Bike-Motto: Touring, low maintenance, gravel and as light as possible

A year ago in September 2017 I was researching the ideal touring bike. In my final beauty list were two manufacturers. One of them being and the other one which I chose at the end is

The reason why I first was drawn to the Co-motion bike was that they made use of couplers and you could put your bag in a luggage for easy flight transport. This only works if the airport you will arrive is the same you will depart after your tour. I will arrive in Mexico and hopefully will depart in Argentina. So what am I going to do with the 395 USD luggage? Additionally the couplers need reinforcement in the tube that will make your bike heavier.

Co-Pilot Couplers and Bicycle Travel Case

Co-Pilot Couplers and Bicycle Travel Case


There is no one size fits all. You might chose this because you get out and in at the same place when travelling abroad and you don’t carry that much equipment with you so the extra-weight of the coupler is negligable. My plan is to cover a lot of distance with the bike and wherever I can I save some weight.
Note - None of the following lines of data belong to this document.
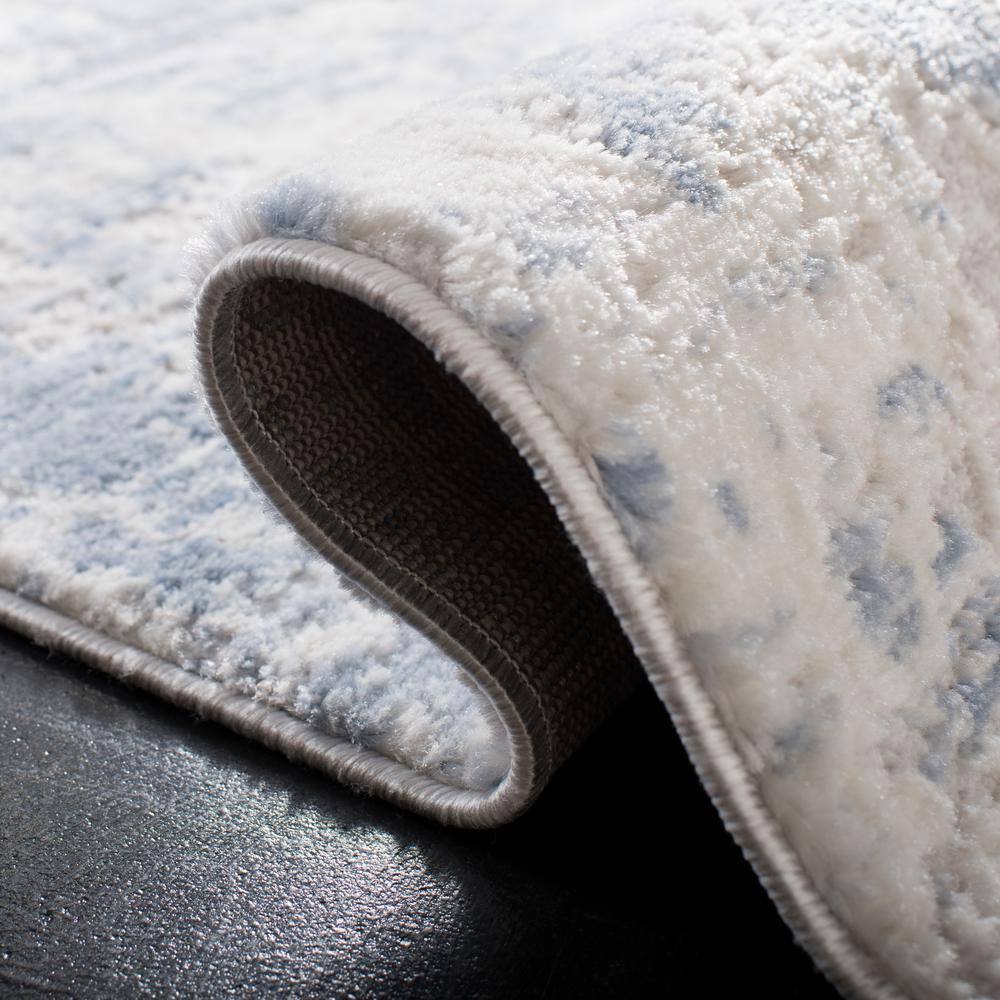 Amelia Grey and Blue Synthetic Runner Rug - 2'2" x 14'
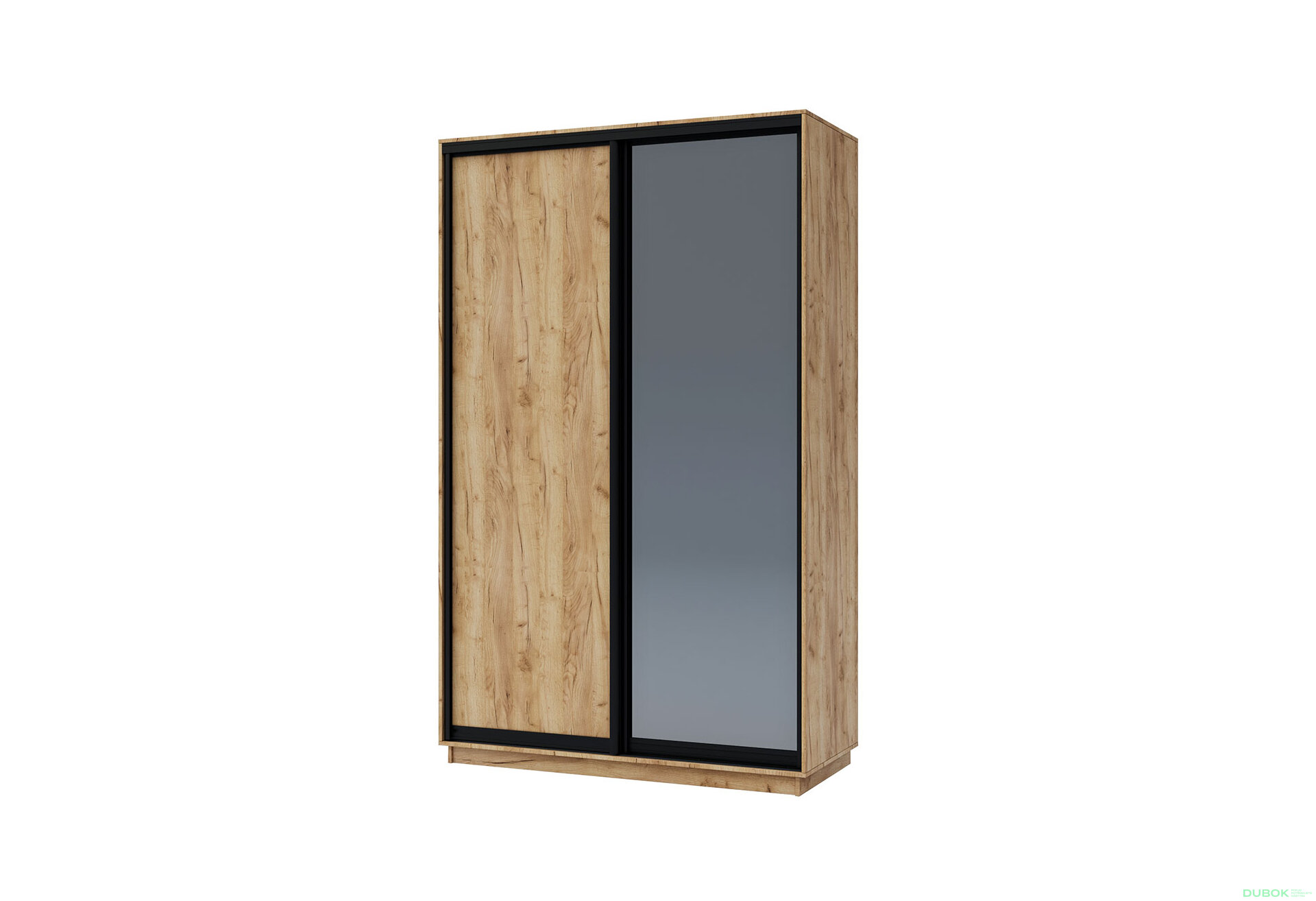Obrázek 1 - Skříň 150x240x60 dub kraft zlatý, 1 dřevotříska+1 grafitové zrcadlo, matně černý profil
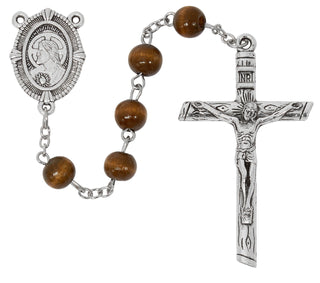 8MM Brown Wood Sacred Heart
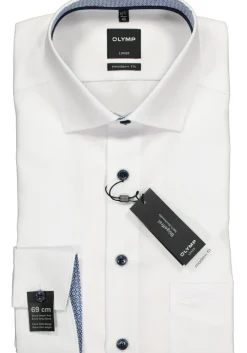 OLYMP Luxor modern fit overhemd, mouwlengte 7, wit (contrast)
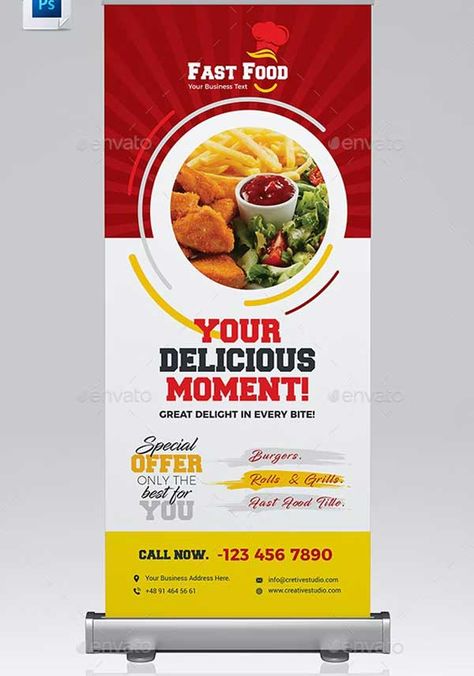 Fast Food Roll Up Banner Templates | 29+ PSD, Word, Ai, InDesign Formats Fast Food Banner Design, Food Roll Up Banner, Roller Banner Design, Food Banner Design, Roll Banner, Roller Banner, Roll Up Banner, Food Banner, Banner Templates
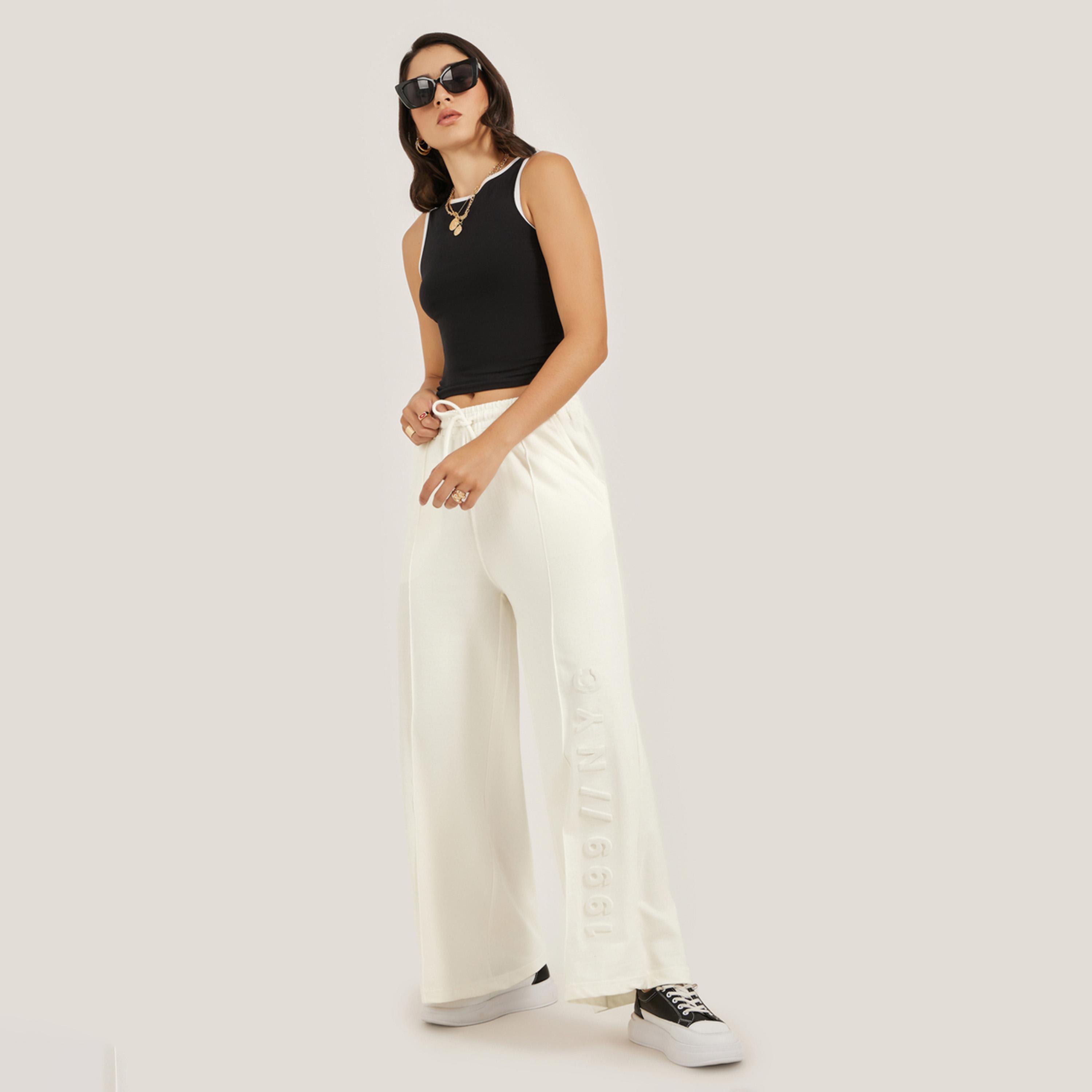 ستايلي - بنطال رياضي واسع الساق مع حاشية منقوشة ورباط خصر-women-clothing-bottoms-joggers-image-1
Next choice was the frame material. The go to metal is steel. There are several advantages over any other material. Should your frame be damaged but still reparable you won’t have any problem in finding someone to repair it. Steel does not fatigue when bent and your ride is smoothed with it. Steel is also the heaviest of any other material. I have chosen titanium. The route that I will be covering goes along beaches and salt lakes and steel will get rusty whereas titanium is more corrosion resistant. I have a preference for buying things once and not replace it if ever possible. A sutainability thing of mine. It has also fatigue strength. But now the major drawback comes if you want to find someone to repair your frame you won’t find this person in every country. If the frame is damaged it could end my tour. It is also lighter than steel.

I have avoided the bicycle chain, chainring and casette entirely. My number one solution is a gearbox from Pinion C1.12 with a Gates carbon drive and belt. The oil of the gearbox has to be exchanged every 10000 km and Hilite-Bikes have been selling the carbon belt for the last 5 years and never had to replace any of them. There is a slight disadvantage but that’s more a question of taste if you are used to break-shifters. Until 2018 the bikes are sold with a rotary shifter with a separate break handle. From March 2019 onward Pinion will be supplying break-shifters similar to road bikes

In terms of tyres there are a lot of resistant tyres out there. Against any better wisdom I’ve chosen a 27.5 inch tyre Schwalbe Marathon Supreme Evo. You can get to any forum and all of them will tell you that you should use a 26 inch tyre as you can buy it in every country. My tyres are resistant and low weight 600 gr and I have a box at home that could be send with FedEx to whatever location I am. I have one spare one with me. Let’s hope for the best. In 2017 a company called Tubolito introduced a compact, ultra-lightweight and twice as resistant tube as a rubber tube. Weight of a Schwalbe tube is 205 gr and Tubolito weighs 82 gr.

Breaks are hydraulic oil TRPs. I’ve bought a gravel bike and have riden it more than 20’000 km and until now never had to do any maintenance on the breaks. I use these with disc breaks and probably here I also run the risk that it will be difficult to repair the discs if anything happens to them compared to V breaks where you find spare parts around the globe. Advantage of the disc break is the control you get on steep downhill rides and they don’t wear out your wheels.

The wheels are DT Swiss XM401 with 274 mm silver spokes mounted with DT Swiss pro lock brass nipples. The wheels and spokes are constructed to resist 160 kg of weight. The bike, luggage and me weigh 126 kg.

The saddle SQlab 610 Ergolux active allows you to change your riding position as it is a step-leveled saddle. The lowered saddle nose relieves pressure to the sensitive areas of both men and women.

The seatpost is the Ergon CF3 Pro Carbon Setback and takes away the energy of any uneven road I might cycle through.

The rear carriers and low riders are from Tubus the model Logo Evo and Tara. I’ve chosen that set-up as if anything should break I can mount a new one in contrast of having the frame damaged or broken if the carriers are welded with the frame.

The bike is still a 16 kg but we optimized the weight as much as we could. The parts should be resistant and also easy to maintain when on the road. Titanium combined with the seatpost and the saddle gives you a comfortable ride and the bike feels like a couch. I never had such a comfortable bike. I’d like to thank Biagio Colletto from Hilite-Bike for taking his time and supporting me in getting the best bike for my plans.